On Madeline Island, I drove to the Big Bay State Park, filled out the self-registration forms and located a good spot to set up camp. After a well needed shower and band aids on my toes, I headed back into LaPointe to find some food. Tom's Burned Down Cafe was closed, I actually chatted with the owner for a few minutes and he gave me a few other suggestions. Evidently after Labor Day, many of the businesses close early during the week - so I was able to have a wonderful burger at the Beach Club, before heading back to camp.

Day 3. September 21, 2009 - The Hike Back

There's nothing quite like waking up to the sound of water splashing on the shore, knowing that this moment is mine to savor.
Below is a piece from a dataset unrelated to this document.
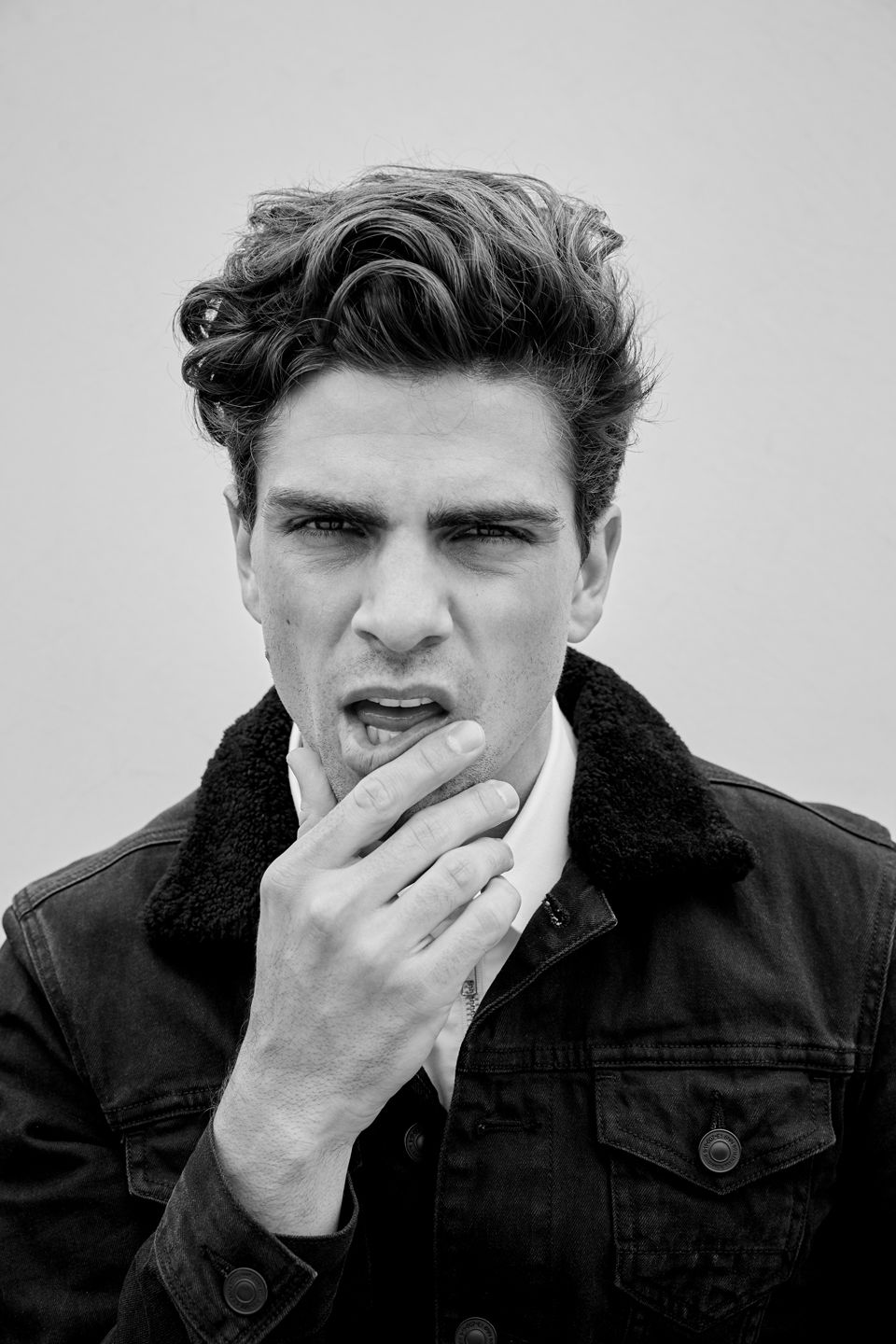 Black and white portrait of a person in denim jacket with thoughtful expression touching their face.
Amazingly, I didn't feel sore or stiff. I sat on the rocks and washed my face with the cold water from the lake. I made myself eat a few more bites of my Clif bar, even though I had no appetite. I had not brought my pan with me, so I sipped a little bit of water, knowing that I needed to ration it for the hike out. It didn't take long to take down the tent and pack up my bag. Leaving the site just as I had found it, I started following the Lake Superior Trail east. According to the map, the trail would follow the Lake and connect back with 107, which then led to the parking area where I had started the day before. I knew that I didn't want to follow the same trail, since it would be all uphill. Fortunately I didn't know what the Lake Superior Trail would be like or I might have started to cry.
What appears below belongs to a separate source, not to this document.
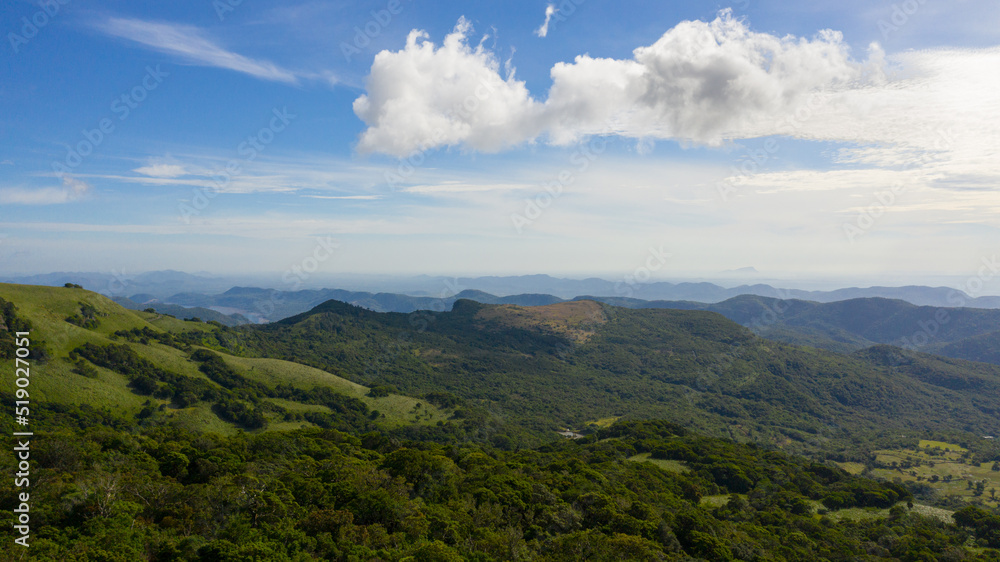 Green rainforest and jungle in the mountains of Sri Lanka view from above. Riverston, Sri Lanka. Green rainforest and jungle in the mountains of Sri Lanka view from above. Riverston, Sri Lanka.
I crossed back over Big Carp River, past the cabins and up the bluff. This area seemed to be more prone to being swampy and muddy in the spring. The trail worked it's way around a few rises and then followed the shore for about 2.5 miles. The trail was literally on the rocky shore in several places, so I took advantage and splashed my face to cool off. The trail was pretty rough with many rocks and tree roots. At two different places the trail becomes a boardwalk, two boards across, so only one person can cross at a time. The trees tended to be smaller than the ones I saw yesterday, many birch and tall grasses. I heard a loon call out and then heard the flapping of wings as a pair flew from a nest way up in a tree.
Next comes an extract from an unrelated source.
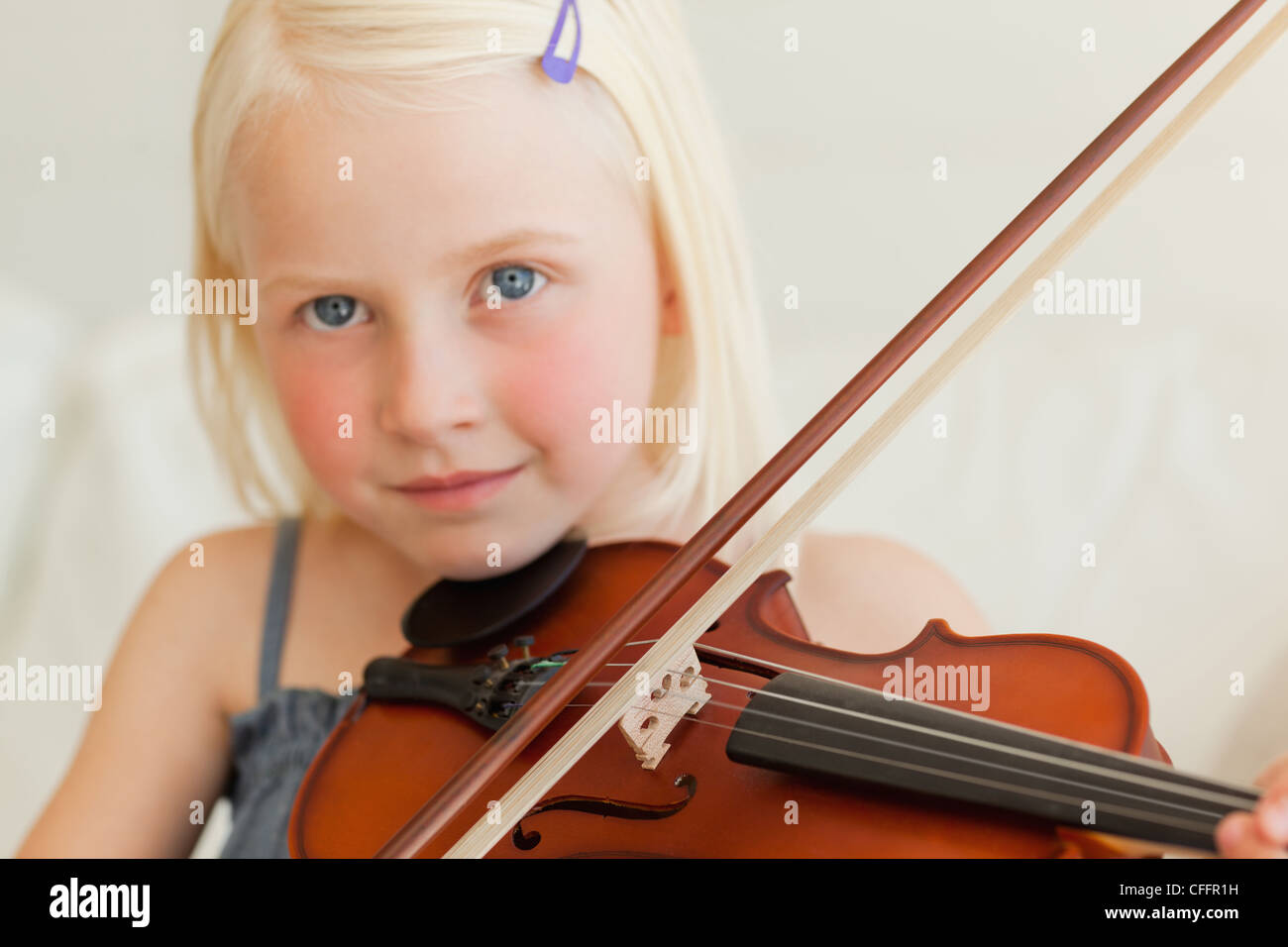 A girl looking ahead as she plays the musical instrument Stock Photo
About half way there is a large camping site, good for several tents. I believe this is called Lone Rock and it's the last place to access the lake on this trail. For the next mile, the trail moves away from the lake and starts to climb from the 600-700 ft level up to 1,220 over the next 2.5 miles. The trail was covered with loose rocks and at one point you have to maneuver up sheer rock, maybe 12 feet high or so. The sun was getting high up in the sky and my water was almost all gone. By the time I made it to the crest of the mountain, there was a wooden bench and an amazing view of the Lake and The Apostle Islands, but I dared not stop and kept moving along. The last half mile was back in old growth forest of pine, which was quite refreshing. Finally I made it to the pavement. I dropped my pack and left it on a bench, while I walked on to the parking area - about 1 mile ahead. The last half mile was pretty steep, as the road rises to 1,400 ft. This trail took me about 5.5 hours.
Once I picked up my pack, I felt rejuvenated and headed back to HWY 28, then followed HWY2 west to Ashland, MN then north to Bayfield. From Bayfield I took the ferry across to Madeline Island, the largest of the Apostle Islands. The area reminded me of many small towns that dot the Connecticut shore along Long Island Sound - fishing towns with a rich heritage and lots of charm.